Um dos mais conhecidos curadores portugueses, Delfim Sardo já dirigiu o Centro de Exposições entre 2003 e 2006. E assumiu em Janeiro de 2020, seis meses depois de os tribunais terem decretado o arresto da colecção, o pelouro da programação do CCB.

“O contemporâneo é o que connosco convive”

No âmbito de um processo judicial cujo desenlace continua a ser incerto, o ministro voltou a repetir que, “naturalmente”, estará interessado em negociar com quem for decretado proprietário da colecção. “[Nesse momento, que ninguém consegue prever quando será conhecido,] estaremos interessados em negociar os termos da continuidade [da Colecção Berardo] aqui no espaço do novo museu. Até lá, neste contexto de incerteza, o que nos cabe é garantir a fruição pública da colecção.”

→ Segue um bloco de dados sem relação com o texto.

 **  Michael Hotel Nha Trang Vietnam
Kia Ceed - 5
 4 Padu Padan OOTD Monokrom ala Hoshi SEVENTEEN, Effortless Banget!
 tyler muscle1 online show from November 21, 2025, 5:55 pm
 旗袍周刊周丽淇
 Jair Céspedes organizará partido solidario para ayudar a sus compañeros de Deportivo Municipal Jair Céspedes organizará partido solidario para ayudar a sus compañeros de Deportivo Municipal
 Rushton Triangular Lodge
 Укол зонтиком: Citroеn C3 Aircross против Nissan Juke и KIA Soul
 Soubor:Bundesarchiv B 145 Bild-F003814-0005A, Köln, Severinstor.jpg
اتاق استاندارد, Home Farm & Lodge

Adão e Silva lembrou que recentemente, conforme o PÚBLICO noticiou, foi pedido aos tribunais que esclareçam se os termos do actual arresto se vão manter. “Qualquer cenário alternativo ao CCB significa que as peças sairão daqui e terão outro destino. Isso não é do interesse público, mas também não é do interesse das partes do processo, porque nem os bancos nem o sr. Berardo têm algo a ganhar, se tiverem de assumir a responsabilidade de pagar a conservação e a manutenção das peças.”

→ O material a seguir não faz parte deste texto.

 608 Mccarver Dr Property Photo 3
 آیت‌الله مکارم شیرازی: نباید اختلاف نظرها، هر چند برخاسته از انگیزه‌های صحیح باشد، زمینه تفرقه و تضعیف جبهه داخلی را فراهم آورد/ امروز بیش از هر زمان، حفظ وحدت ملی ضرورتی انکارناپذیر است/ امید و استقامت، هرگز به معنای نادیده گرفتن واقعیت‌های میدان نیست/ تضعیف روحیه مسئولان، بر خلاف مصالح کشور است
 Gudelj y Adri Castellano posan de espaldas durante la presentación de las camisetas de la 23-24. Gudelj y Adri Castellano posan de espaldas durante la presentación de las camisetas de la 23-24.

Na nota enviada pelo gabinete do ministro às redacções, há uma referência à futura programação de exposições temporárias, que também ainda não tem data para ser anunciada: “Trata-se, portanto, de apresentar colecções (entre as quais a Ellipse) e exposições temporárias que contribuam para o enquadramento histórico da arte de hoje, produzindo conhecimento, mas também experiência estética no contexto globalizado da arte dos nossos dias.”

É nesse quadro de entendimento da contemporaneidade que o MAC/CCB se propõe “repensar, em termos actuais, os vários legados que os artistas em diferentes momentos produziram, sob um ponto de vista crítico”. “Em suma, o contemporâneo é o que connosco convive e nos interpela; é o que, no nosso tempo que é diverso e múltiplo, nos interroga criticamente.”

O novo museu do CCB receberá, para já, a mesma verba de 2,1 milhões do Orçamento do Estado que o antigo museu recebia através da Fundação de Arte Moderna e Contemporânea — Colecção Berardo, extinta na semana passada. Para já, não há reforço da verba, disse o ministro ao lado do presidente do CCB, sem, contudo, afastar essa possibilidade: “Veremos, cada coisa a seu tempo.”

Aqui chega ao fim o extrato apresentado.